While only time will tell whether Ryan Holiday’s Perennial Seller becomes a perennial seller, it certainly contains perennial advice.

Holiday fans will be familiar with his style; here, as in The Obstacle is the Way, Holiday makes liberal use of anecdotes and biographies—but in Perennial Seller, he tackles an entirely different issue. He asks: What makes art last? Put differently: Why do we still watch Star Wars? He answers this question in a refreshing—perhaps perennial—manner.

A word of warning: Artists and writers looking for a quick marketing fix will be disappointed. From the outset, Holiday notes that marketing isn’t everything. (Done badly, it’s barely anything.) A work’s content determines whether it sells. Advertise a dud all you want, but a dud’s a dud.

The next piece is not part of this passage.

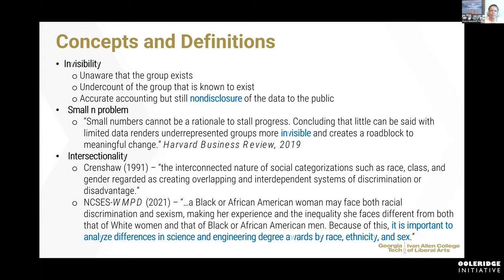The small end problem — the invisibility — is something that is really surfacing, especially when we want to understand how to provide resources for individuals that are in those small groups.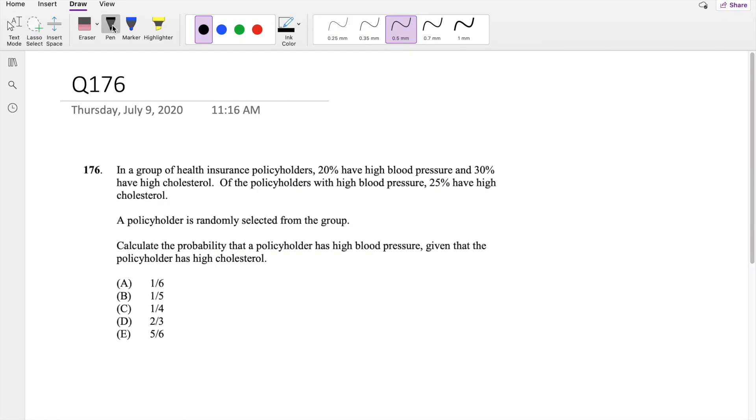Hi guys, this is your math person. Today I'll be going over question 176 on SOA exam P. So pause the video quick and try to do it on yourself.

In this vein, while the latter half of Perennial Seller focuses on marketing, the first half focuses on how to produce good work in the first place. Throughout, Holiday stresses a simple point: You’re on your own. No one cares about your work as much as you do.

If you want to write a great book, fiction or nonfiction, you can’t simply “kiss it up to God” (i.e., bounce it to an editor) and hope the result is gold. Editors aren’t alchemists. Similarly, if you want to market your project, you have to put in the hard work. You have to give out the free samples; you have to cultivate the network and the email lists; you have to respond to and cultivate your fans. No one else will do it for you, at least not effectively, because no one else has the time. We’re all busy.

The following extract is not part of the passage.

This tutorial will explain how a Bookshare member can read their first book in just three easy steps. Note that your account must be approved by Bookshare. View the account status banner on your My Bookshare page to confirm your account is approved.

I found certain gems of advice to be especially useful because they concerned not just how to write or market a great book or movie, but how to live a great life. For example, when discussing motivation, Holiday notes that the so-called muse is a myth. There is no muse—not really. Like life, the act of creation is a process. It occurs over months or years or decades, and if you wait for inspiration to strike, you’ll never produce anything. The surest way to embrace the muse is to make willpower your muse and to start working—especially when you don’t feel like it. The muse and the flow-state? Those will come, if at all, after you begin.

While Holiday acknowledges that inspiration is evasive, he’s no party pooper; he offers concrete solutions for artists suffering from a deficiency in motivation. First, keep in mind why you’re tackling whatever project you’re tackling. Do you have something to say? Do you crave independence from your status as an employer’s means to an end, from being treated like fungible capital instead of a unique human?

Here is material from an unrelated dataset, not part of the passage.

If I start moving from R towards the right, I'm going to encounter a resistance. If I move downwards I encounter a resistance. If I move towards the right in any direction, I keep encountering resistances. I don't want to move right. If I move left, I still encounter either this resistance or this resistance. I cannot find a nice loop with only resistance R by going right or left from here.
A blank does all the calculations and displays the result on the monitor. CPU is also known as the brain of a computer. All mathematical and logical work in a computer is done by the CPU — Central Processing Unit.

If you know the “why” behind your project, you’ll be able to bear almost any how—even if that how entails staying up for hours after a grueling workday to pour yourself into an unpublished manuscript that you don’t even know will see the light of day. That’s the power of “why.” Of vision. There’s no magic here. As Holiday puts it, there’s no silver bullet; for both the writing and marketing processes, you’re stuck with lead bullets—and you need a whole cache.

A final piece of Holiday’s perennial advice is that perennial art is perennial because it expresses some central aspect of what it means to be human. An overworked employee chugging Red Bull at three A.M. can identify with Odysseus or Frodo Baggins because he and Odysseus and Frodo have something in common: Hardship. Tolkien’s perennial Lord of the Rings and Homer’s perennial Odyssey provide the solution to that problem: Perseverance. Both the problem and the solution have echoed through the ages, as have the artists that dealt with them.

So pour your entire self into whatever you’re painting or writing or filming, and don’t give up. In Holiday’s words, “Don’t just make it. Make it happen.”